Task statement: Each line below must be reproduced exactly, though the pictures are to be dropped.

Information provided:
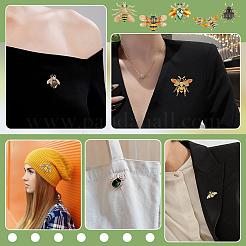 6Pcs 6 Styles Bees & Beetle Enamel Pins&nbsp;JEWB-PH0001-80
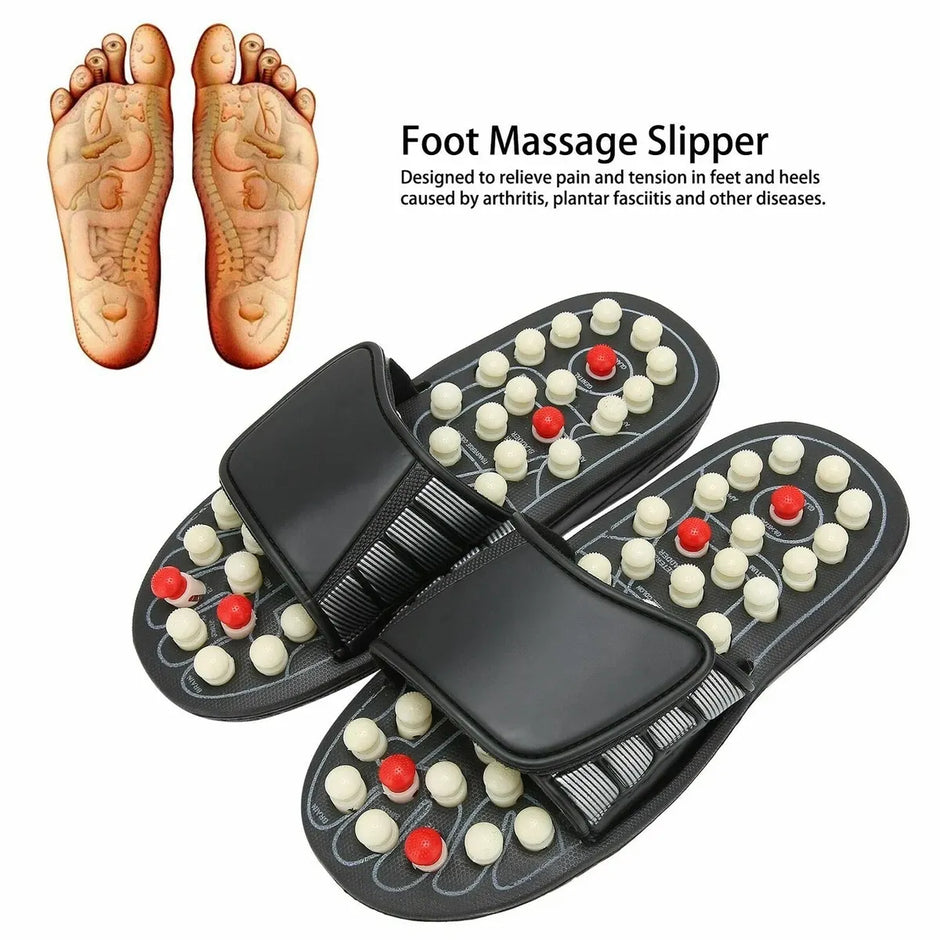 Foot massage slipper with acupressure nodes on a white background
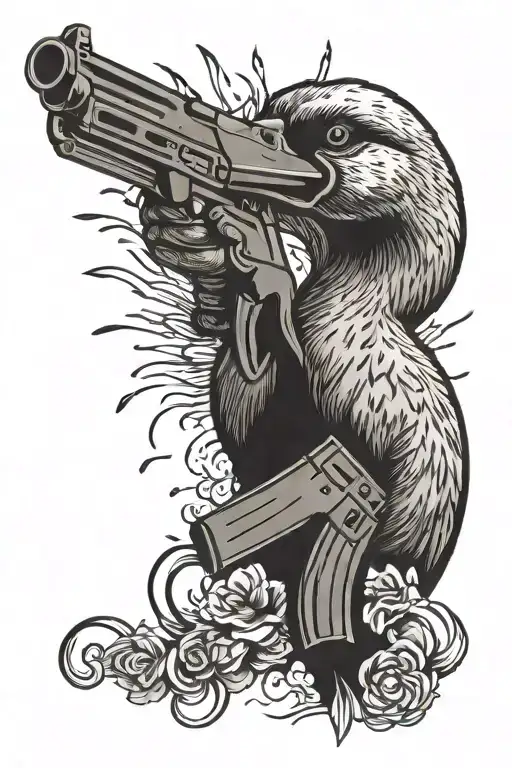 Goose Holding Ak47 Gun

Result of the task:
 6Pcs 6 Styles Bees & Beetle Enamel Pins&nbsp;JEWB-PH0001-80
 Foot massage slipper with acupressure nodes on a white background
 Goose Holding Ak47 Gun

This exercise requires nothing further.